[Update August 2013: Google has removed the OpenCL library with Android 4.3. You can find an interesting discussion here. Google seems to push for its own renderscript protocol. I will not work with renderscript since my priorities are platform independency and sticking with widely adopted standards to avoid fragmentation of my code basis.]
I recently got hold of a Nexus 4 smartphone, which features a GPU (Qualcomm Adreno 320) and conveniently ships with already installed OpenCL library. With minimal changes I got the previously discussed many-body program code related to the fractional quantum Hall effect up and running. No unrooting of the phone is required to run the code example. Please use the following recipe at your own risk, I don’t accept any liabilities. Here is what I did:
- Download and unpack the Android SDK from google for cross-compilation (my host computer runs Mac OS X).
- Download and unpack the Android NDK from google to build minimal C/C++ programs without Java (no real app).
Install the standalone toolchain from the Android NDK. I used the following command for my installation:
/home/tkramer/android-ndk-r8d/build/tools/make-standalone-toolchain.sh \ --install-dir=/home/tkramer/android-ndk-standalone
- Put the OpenCL programs and source code in an extra directory, as described in my previous post
- Change one line in the cl.hpp header: instead of including <GL/gl.h> change to <GLES/gl.h>. Note: I am using the “old” cl.hpp bindings 1.1, further changes might be required for the newer bindings, see for instance this helpful blog
Transfer the OpenCL library from the phone to a subdirectory lib/ inside your source code. To do so append the path to your SDK tools and use the adb command:
export PATH=/home/tkramer/adt-bundle-mac-x86_64-20130219/sdk/platform-tools:$PATH adb pull /system/lib/libOpenCL.so
Cross compile your program. I used the following script, please feel free to provide shorter versions. Adjust the include directories and library directories for your installation.
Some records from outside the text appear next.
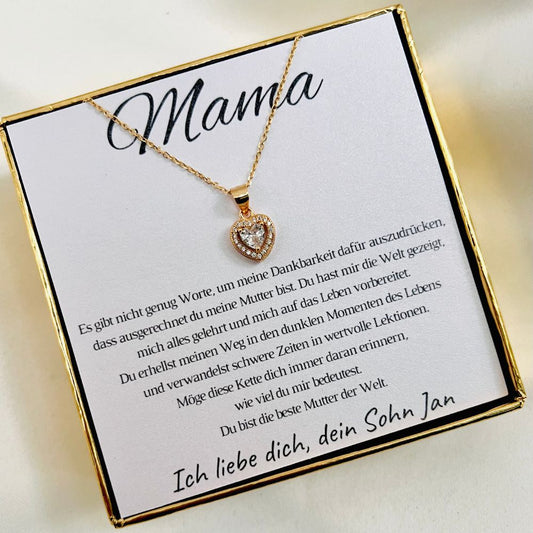 Personalisierte Halskette „Königliches Herz“ für die Mama vom Sohn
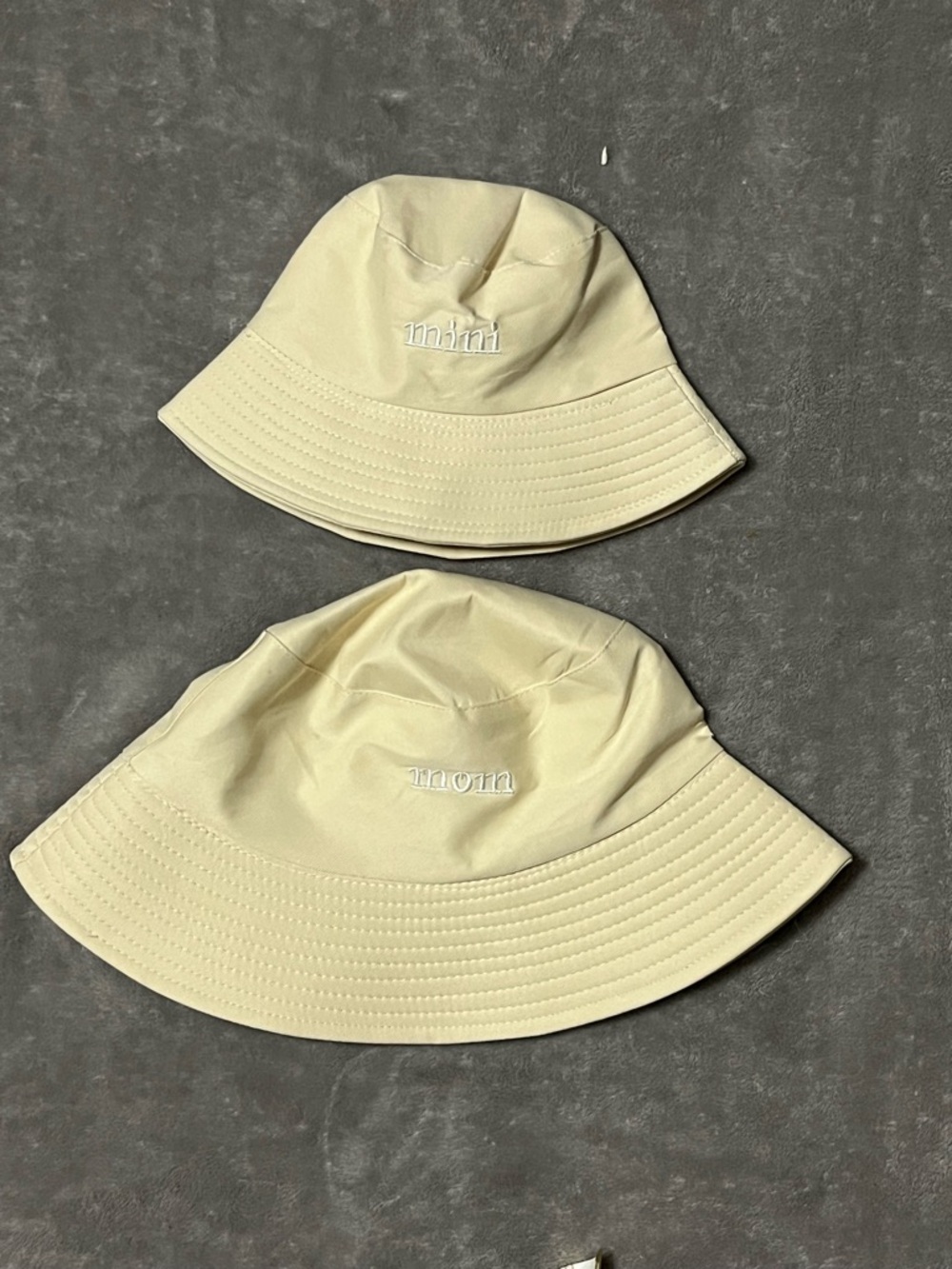 Cream Bucket Hat for Kids with Embroidered Logo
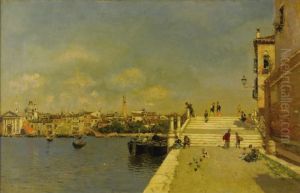Promenade On The Canal by Martin Rico y Ortega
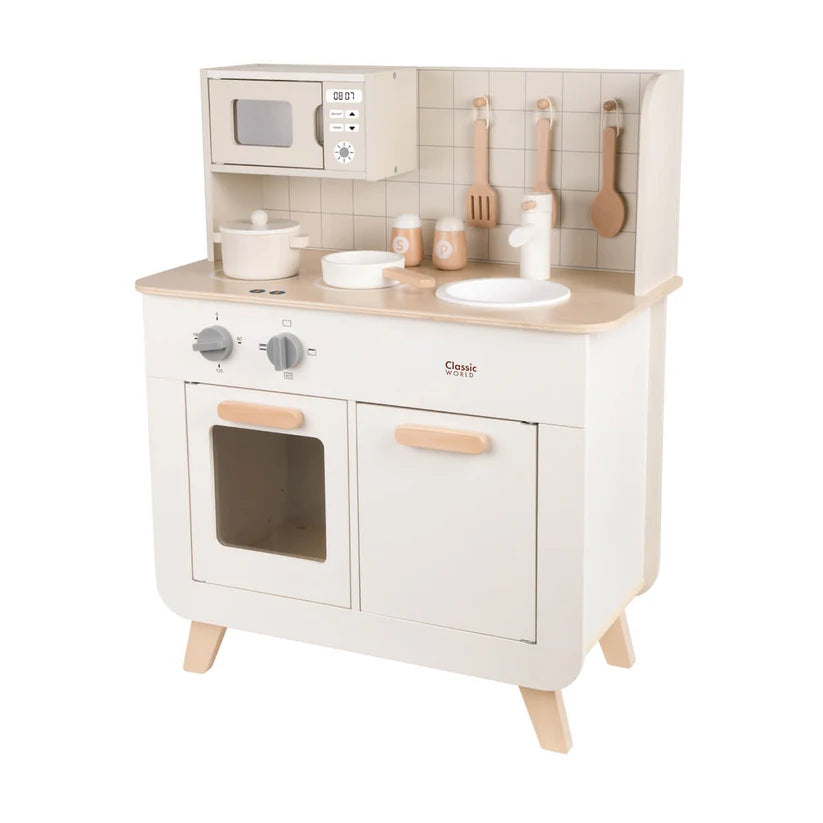 Cozinha de brinquedo Classic World completo do Chef em madeira, com todos os acessórios organizados.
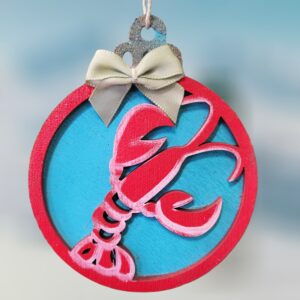 Red Lobster on Blue Wood Layered Ornament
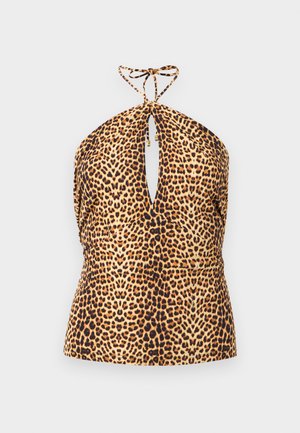 Leopárd mintás nyakbakötős felső elöl kulcslyuk kivágással és nyakkötővel, könnyű anyagból készült.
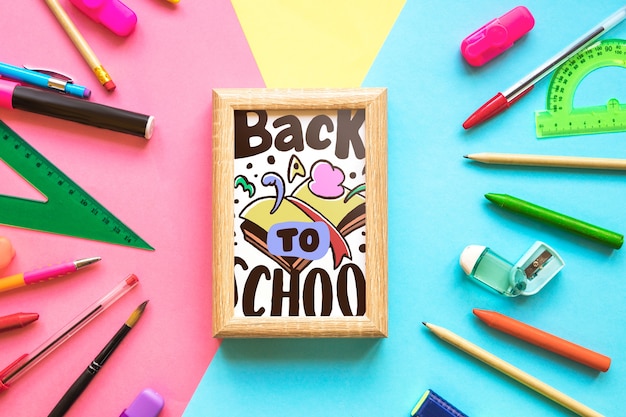 Frame mockup with back to school concept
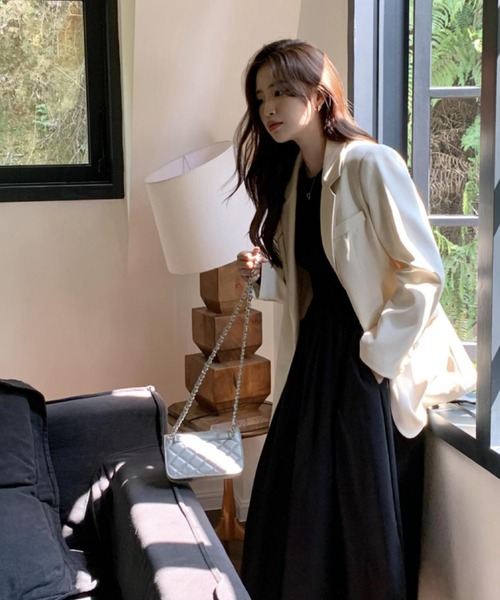 LADY LIKE(レディライク)の「異素材切替え肌見せロングワンピース(ワンピース・レディース・ブラック・M)」の13枚目の写真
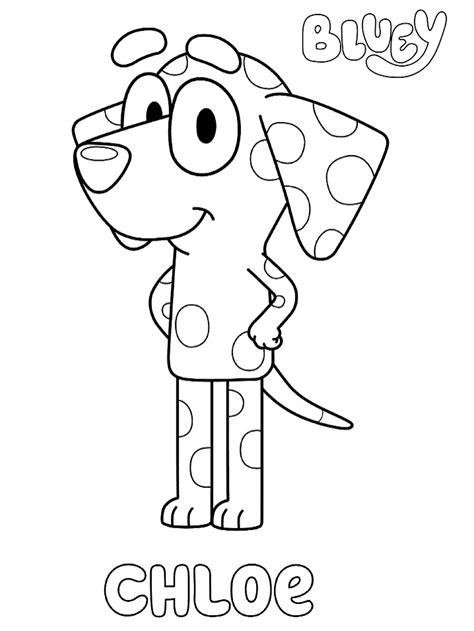 chloe bluey|bluey chloe coloring page.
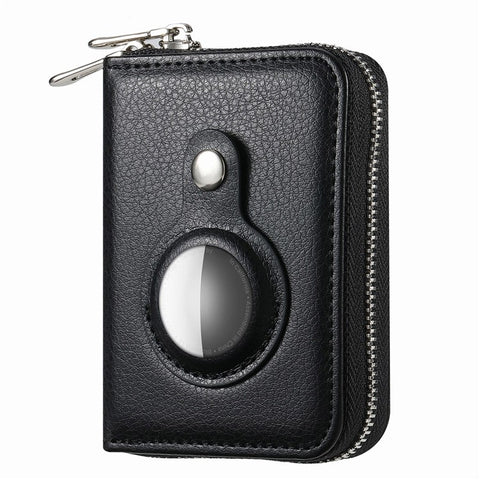 RFID Blocking Card Holder PU Leather Zipper Wallet with Built-in Case for Apple AirTag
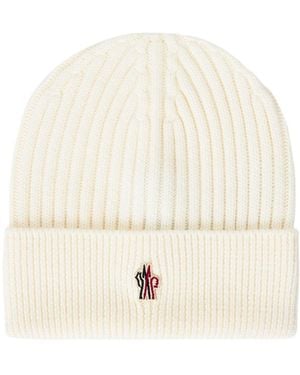 Moncler Vertical Stripe Knitted Cold Cap - White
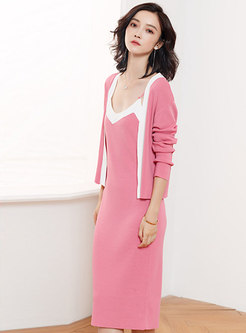 Trendy Contrast-Color Ribbed Sleeve Dress & Knitted Cardigan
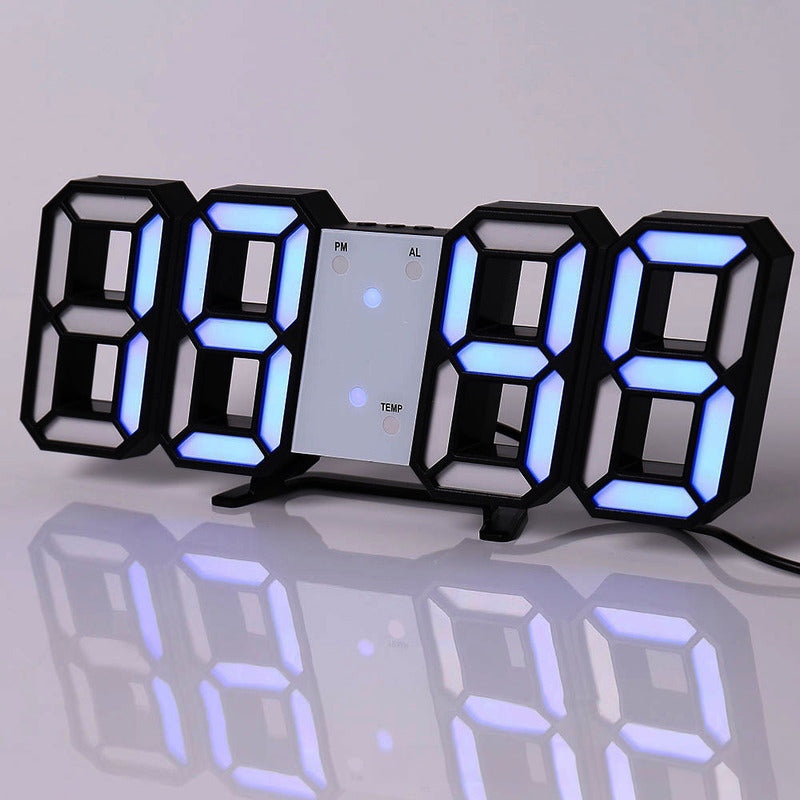 3D LEDデジタル目覚まし時計、カラフルなディスプレイ、12/24時間表示、オフィス、リビングルーム、寝室、キッチンに最適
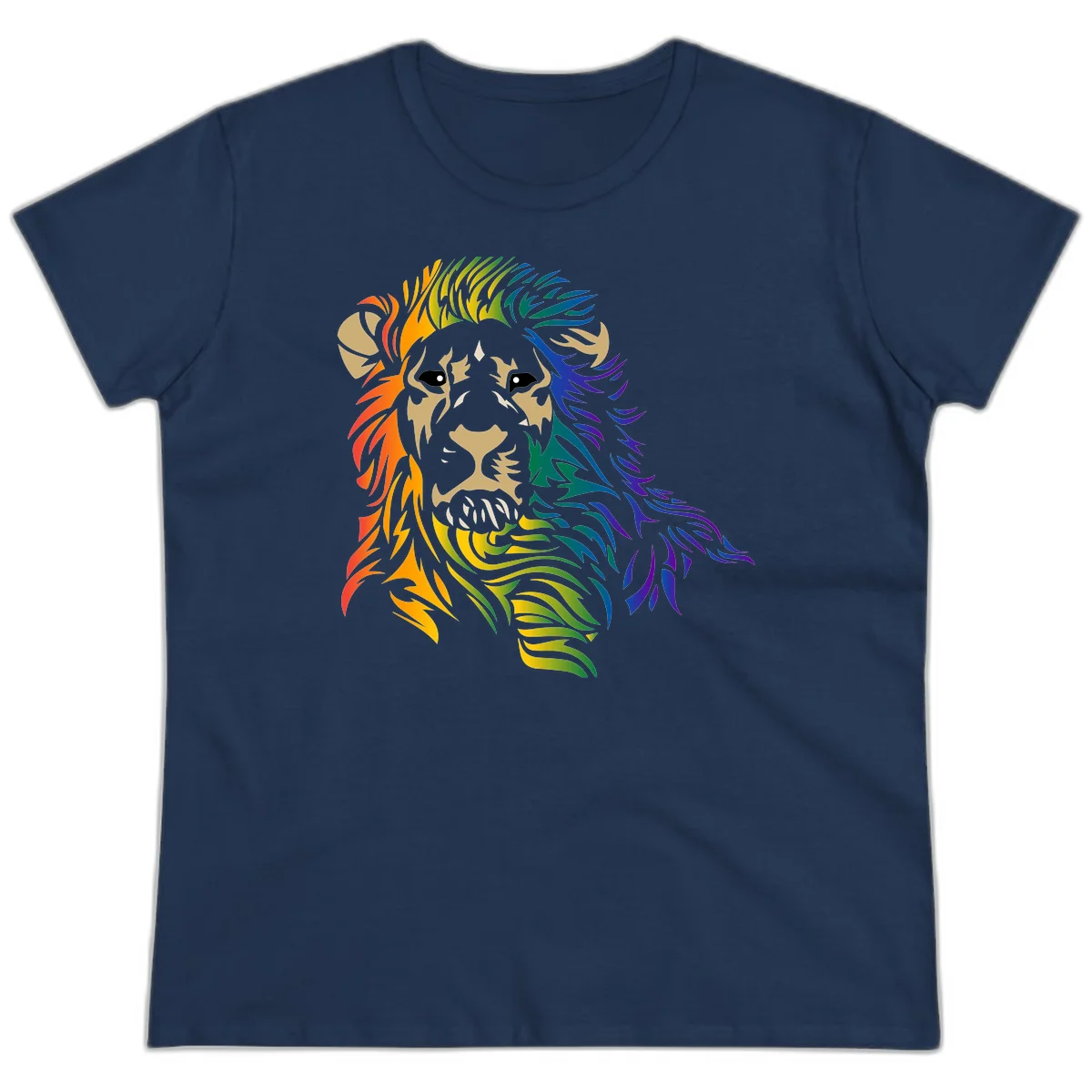 Rainbow lion head with gradient mane flowing from red through purple, featuring tan face with black eyes and detailed whiskers on gray background in Navy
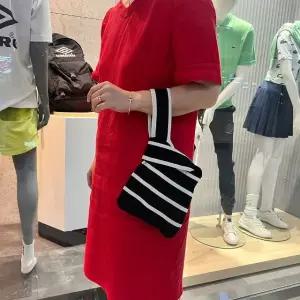 고품질 스트라이프 니트 미니토트백 에코백 손가방 데일리백 데일리백 (WCA2083)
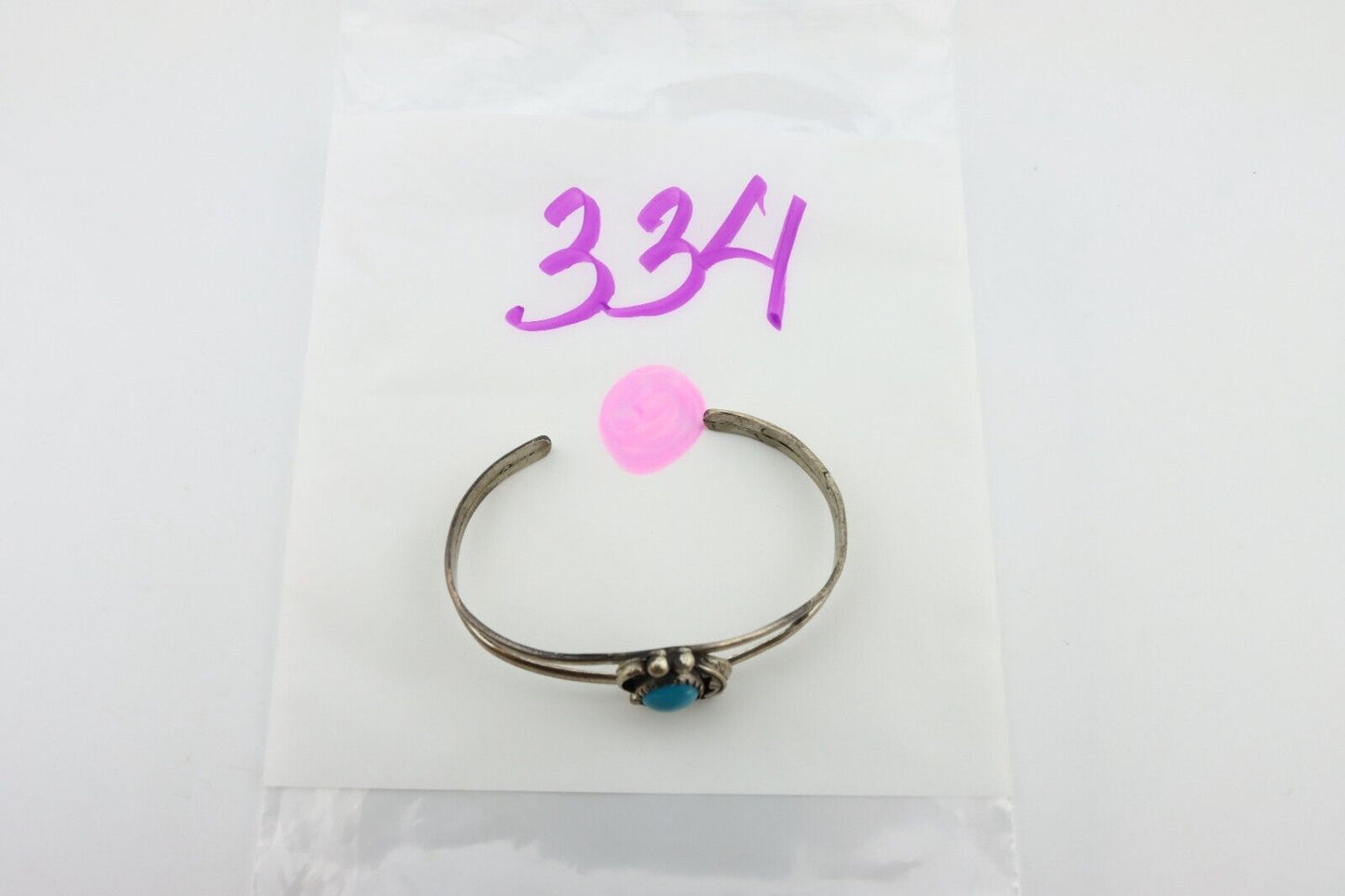 Navajo Slave Bracelet 925 Silver Arizona Turquoise Native American Artist C.80's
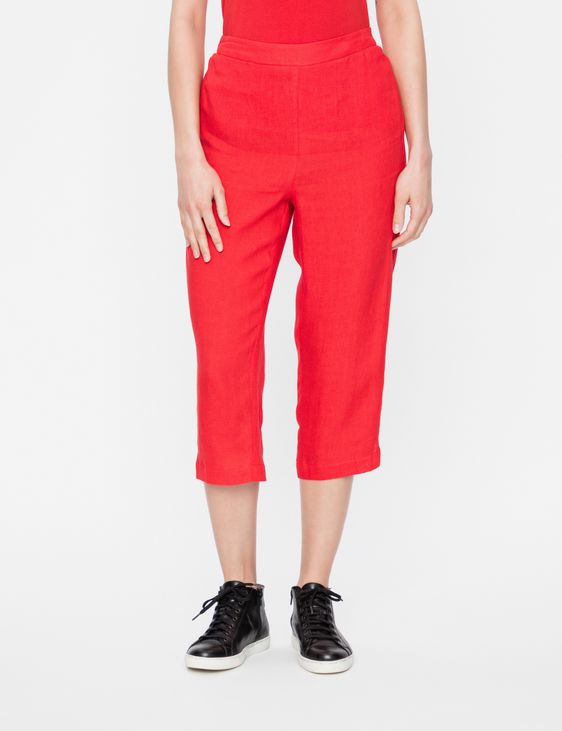 Red linen capri pants - linen by Sarah Pacini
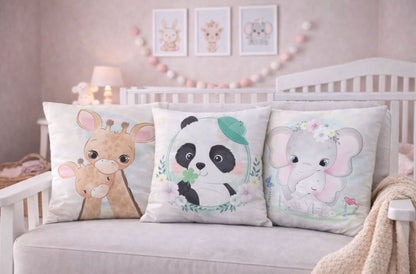  Dieren kussenhoes babykamer 45x45 cm | Kussenhoezenwinkel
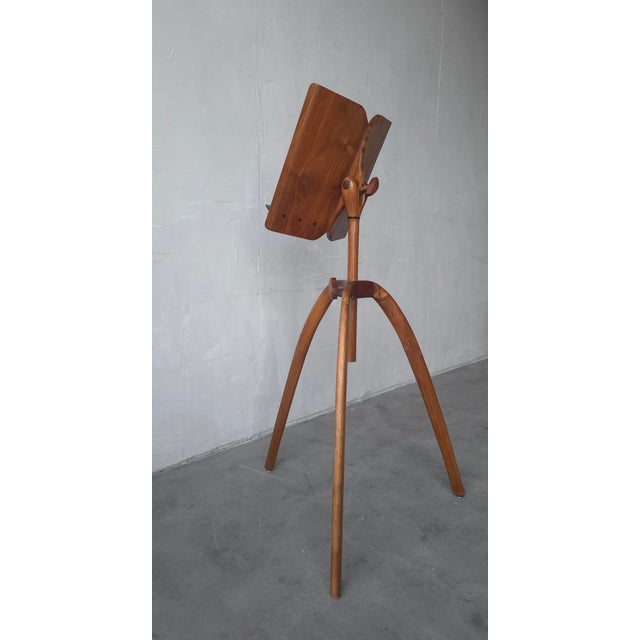 Wood Sculpted Walnut Studio Craft Music Stand, Signed For Sale - Image 7 of 14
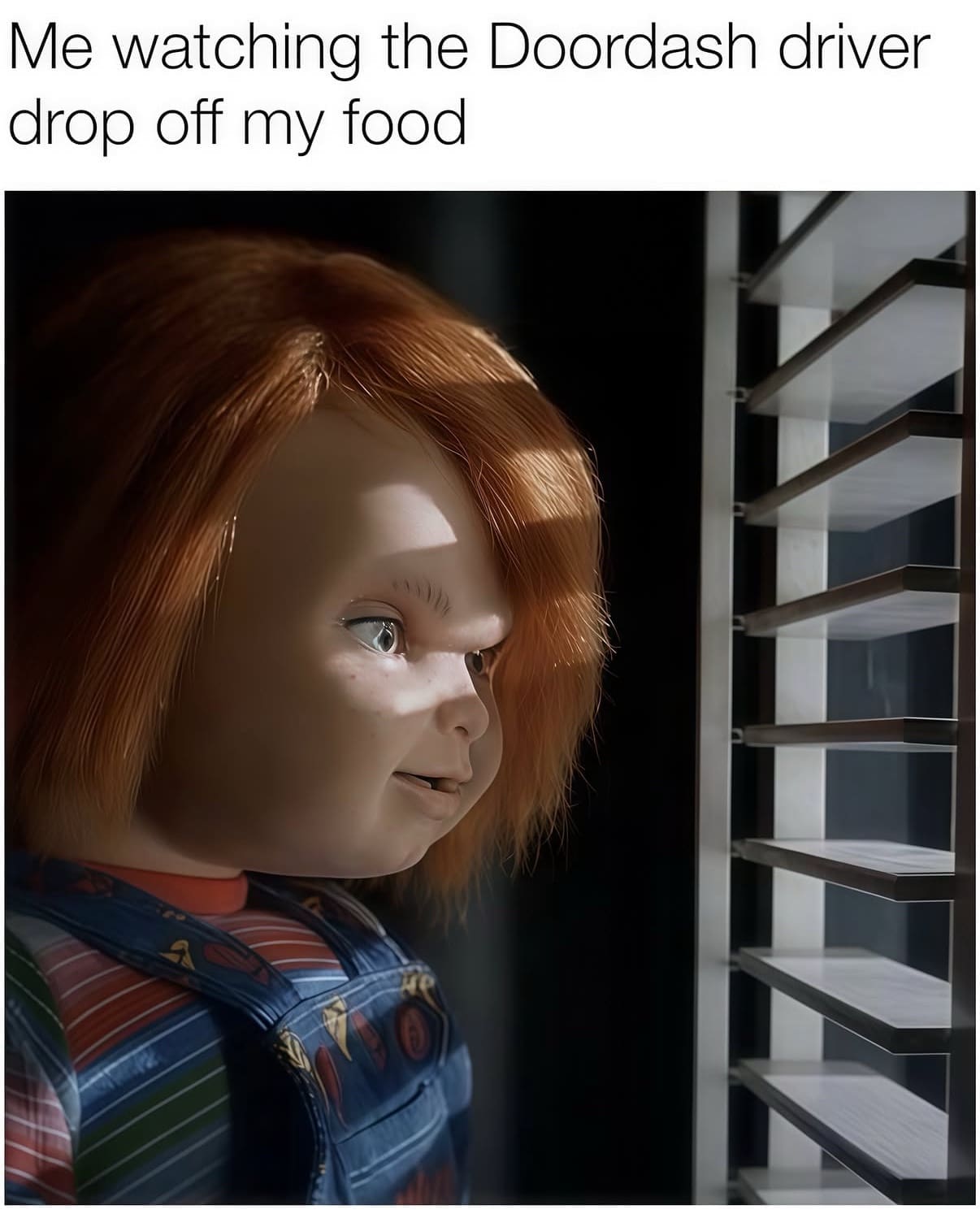 A spooky classic meme using Chucky to show how introverts watch for DoorDash delivery on Halloween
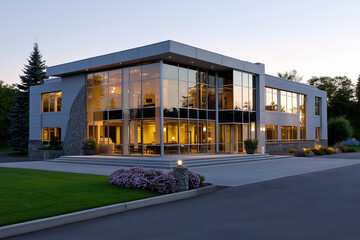 Modern building with large windows at dusk in a quiet area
rm plasma_disk_gpu /home/tkramer/android-ndk-standalone/bin/arm-linux-androideabi-g++ -v -g \ -DCL_USE_DEPRECATED_OPENCL_1_1_APIS -DGPU \ -I. \ -I/home/tkramer/android-ndk-standalone/include/c++/4.6 \ -I/home/tkramer/android-ndk-r8d/platforms/android-5/arch-arm/usr/include \ -Llib \ -march=armv7-a -mfloat-abi=softfp -mfpu=neon \ -fpic -fsigned-char -fdata-sections -funwind-tables -fstack-protector \ -ffunction-sections -fdiagnostics-show-option -fPIC \ -fno-strict-aliasing -fno-omit-frame-pointer -fno-rtti \ -lOpenCL \ -o plasma_disk_gpu plasma_disk.cpp
Copy the executable to the data dir of your phone to be able to run it. This can be done without rooting the phone with the nice SSHDroid App, which by defaults transfers to /data . Don’t forget to copy the kernel .cl files:
scp -P 2222 integrate_eom_kernel.cl firstname.lastname@example.org.NNN: scp -P 2222 plasma_disk_gpu email@example.com.NNN:
- ssh into your phone and run the GPU program:
ssh -p 2222 firstname.lastname@example.org.NNN ./plasma_disk_gpu 64 16
- Check the resulting data files. You can copy them for example to the Download path of the storage and use the gnuplot (droidplot App) to plot them.
A short note about runtimes. On the Nexus 4 device the program runs for about 12 seconds, on a MacBook Pro with NVIDIA GT650M it completes in 2 seconds (in the example above the equations of motion for 16*64=1024 interacting particles are integrated). For larger particle numbers the phone often locks up.
An alternative way to transfer files to the device is to connect via USB cable and to install the Android Terminal Emulator app. Next
cd /data/data/jackpal.androidterm mkdir gpu chmod 777 gpu
On the host computer use adb to transfer the compiled program and the .cl kernel and start a shell to run the kernel
adb push integrate_eom_kernel.cl /data/data/jackpal.androidterm/gpu/ adb push plasma_disk_gpu /data/data/jackpal.androidterm/gpu/
You can either run the program within the terminal emulator or use the adb shell
adb shell cd /data/data/jackpal.androidterm/gpu/ ./plasma_disk_gpu 64 16
Let’s see in how many years todays desktop GPUs can be found in smartphones and which computational physics codes can be run!